Doeg not only disregarded the sanctity of marriage, but he also slew with his own hands the priests of Nob, after Abner and Amasa, Saul's lieutenants, had refused to do so.
"...For all his iniquitous deeds he pressed the law into his service, and derived justification of his conduct from it. Ahimelech, the high priest at Nob, admitted that he had consulted the Urim and Thummim for David. This served Doeg as the basis for the charge of treason, and he stated it as an unalterable Halakah that the Urim and Thummim may be consulted only for a king. In vain Abner and Amasa and all the other members of the Sanhedrin
demonstrated that the Urim and Thummim may be consulted for any on whose undertaking concerns the general welfare. Doeg would not yield, and as no one could be found to execute the judgement, he himself officiated as hangman. When the motive of revenge actuated him, he held cheap alike the life and honor of his fellow-man. He succeeded in convincing Saul that David's marriage with the king's daughter Michal had lost its validity from the moment David was declared a rebel. As such, he said, David was as good as dead, since a rebel was outlawed. Hence his wife was no longer bound to him. Doeg's punishment accorded with his misdeeds.
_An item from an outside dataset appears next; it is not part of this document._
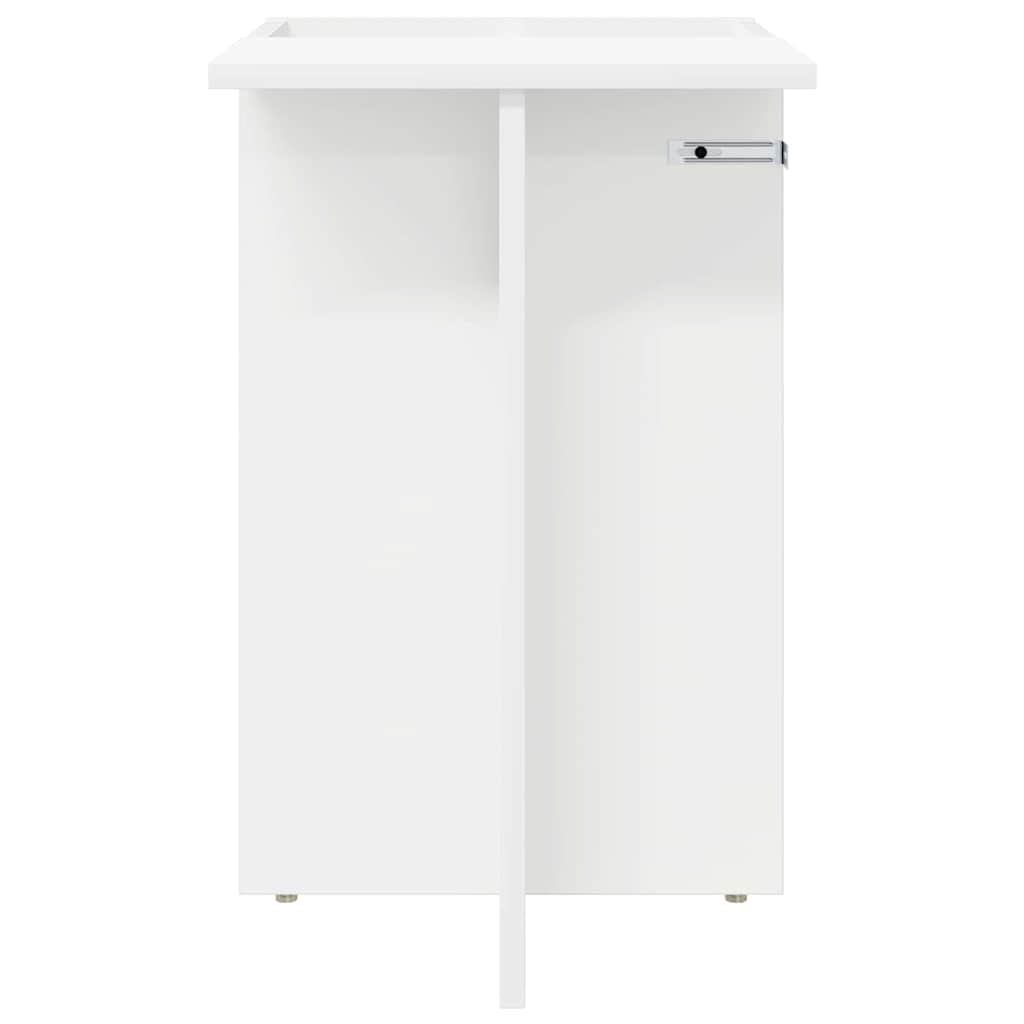 End Table Λευκό 35 x 40 x 55 εκ. Επεξεργασμένο ξύλο - Pakobazaar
He who had made impious use of his knowledge of the law, completely forgot the law, and even his disciples rose up against him, and drove him from the house of study. In the end he died a leper." As it often happens with those who strive for something to which they are not entitled, he lost that which he possessed. God sent the three "angels of destruction" to Doeg; the first caused him to forget his learning, the second burned his soul, and the third scattered the ashes. According to some he was slain by his own pupils when they found that he had forgotten his learning; others maintain that he was slain by David when he (Doeg) informed him of the death of Saul and of Jonathan."..The son of Doeg was Saul's armor-bearer, who was killed by David for daring to slay the king even though he longed for death."
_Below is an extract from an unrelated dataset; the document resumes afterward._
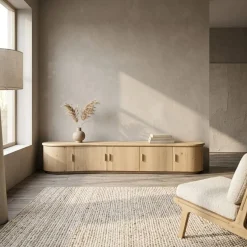 Eleonora Industriele Kasten|Tv Meubels|Tv-meubel Josh naturel 240cm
According to another Midrash, Doeg tried to preserve the life of Agag, the king of the Amalekites-Edomites, by interpreting into a prohibition against the destruction of both the old and the young in war. Doeg is among those who have forfeited their portion in the future world by their wickedness.(the others include: Ahithophel, Balaam and Gehazi).Doeg is an instance of the evil consequences of calumny, because by slandering the priests of Nob he lost his own life, and caused the death of Saul, Ahimelech, and Abner.

Later, in divine retribution for David's role in causing the death of the priests at Nob, after the death of his successor and descendant, Jehoram, all the male descendants of that line were slaughtered at the hand of Athaliah. Only one, Jehoash (Joash), escaped death, corresponding to the one priest, Abiathar, who survived Doeg's massacre at Nob.